◆ WHAT THE TASK ASKS
Starting at the line that contains "Gold-Toned 3-Pack Stone", write out each line through the end of the data below, exactly as it stands. Skip any pictures.

◆ ENTRIES PROVIDED
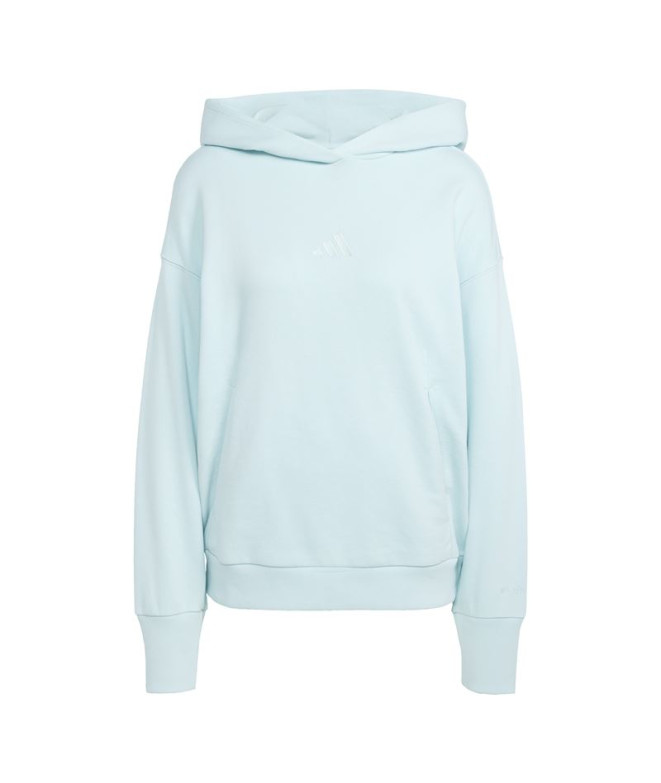 Sudadera adidas All Szn Ft Hd Mujer Azul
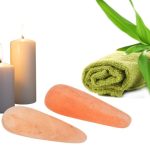 Set of 2 Himalayan Pink Salt Massage Wand | Soothing & Calming Massage Therapy | Spa Massage Roller | Stress and Pain Reliever | 5 inch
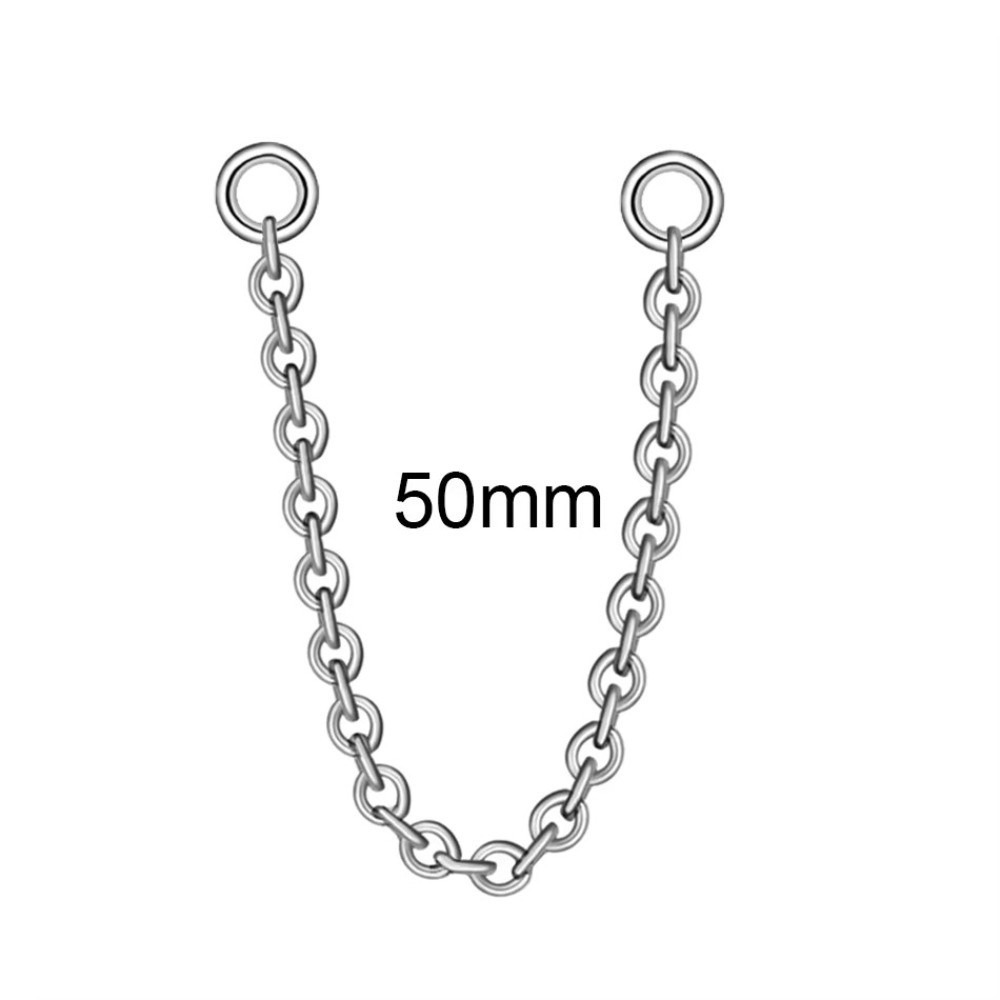 Fashion Titanium Nose Chain Th - огляд і ціна Body Jewelry Earrings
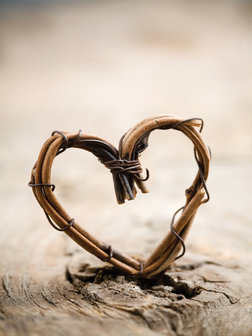 Wicker heart  Fotobehang 11215VEA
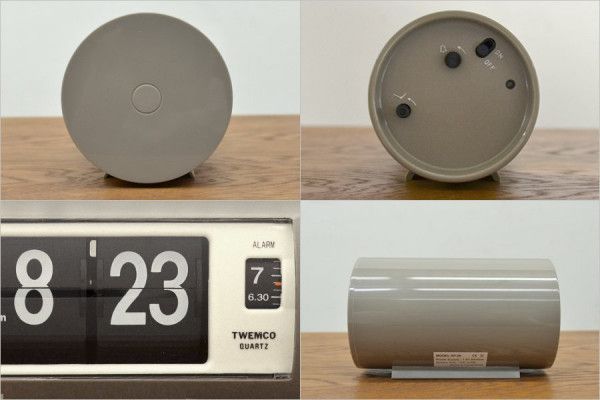Twemco Alarm Clock #AP-28 “Gray” グレー 置き時計 クロック 
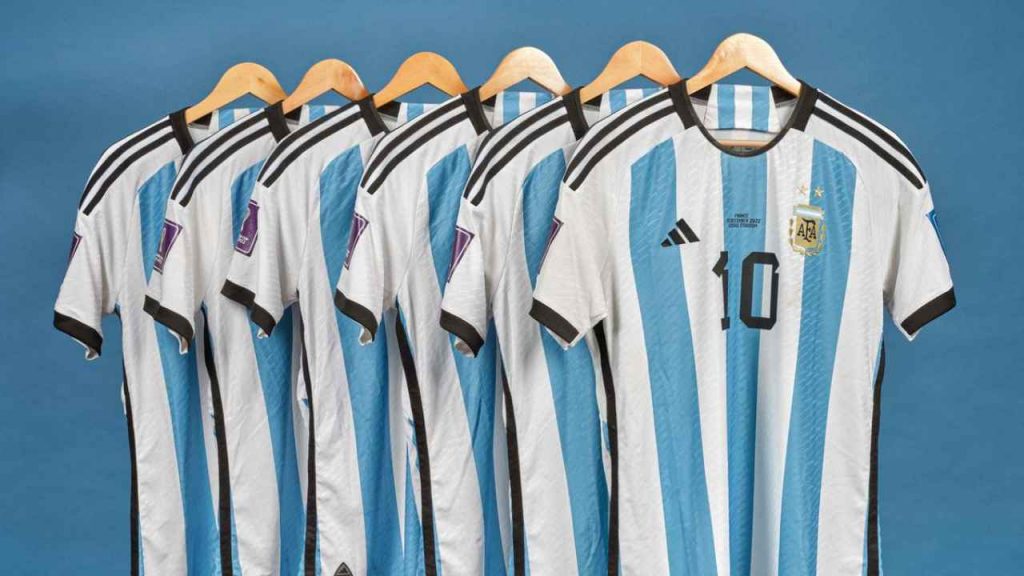 Messi Shirts Auction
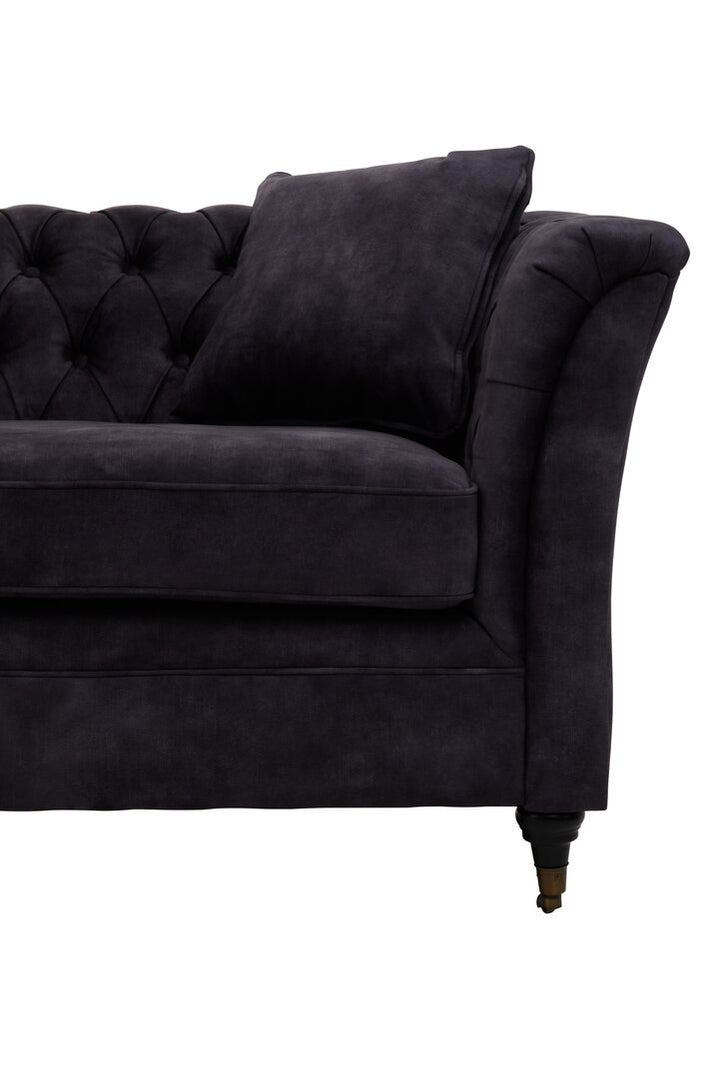 Palma Velvet Sofa – Grey (3 Seat)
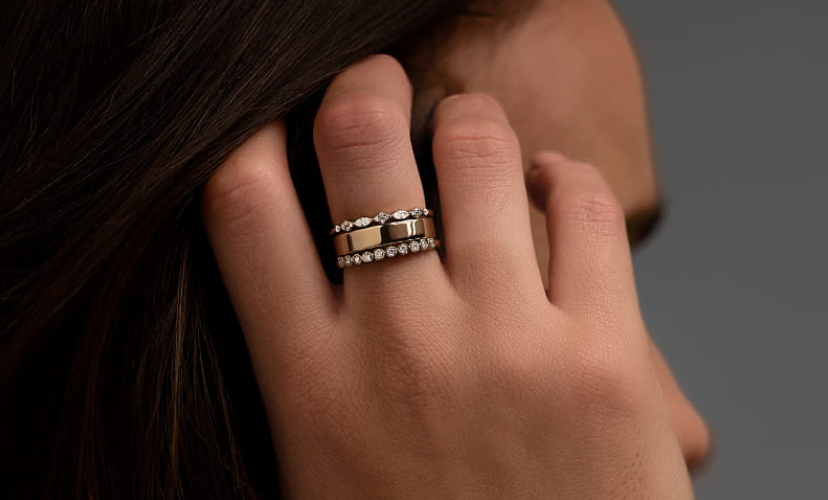 Gold-Toned 3-Pack Stone Rings for Women | Old Navy-hautamhiepplus.vn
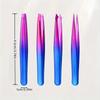 Hair Removal Tweezers Gradient Color Eyebrow Makeup Tool Stainless Steel Slant Eyebrow Clipper Hair Removal and Makeup Tool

◆ EXERCISE OUTPUT
 Gold-Toned 3-Pack Stone Rings for Women | Old Navy-hautamhiepplus.vn
 Hair Removal Tweezers Gradient Color Eyebrow Makeup Tool Stainless Steel Slant Eyebrow Clipper Hair Removal and Makeup Tool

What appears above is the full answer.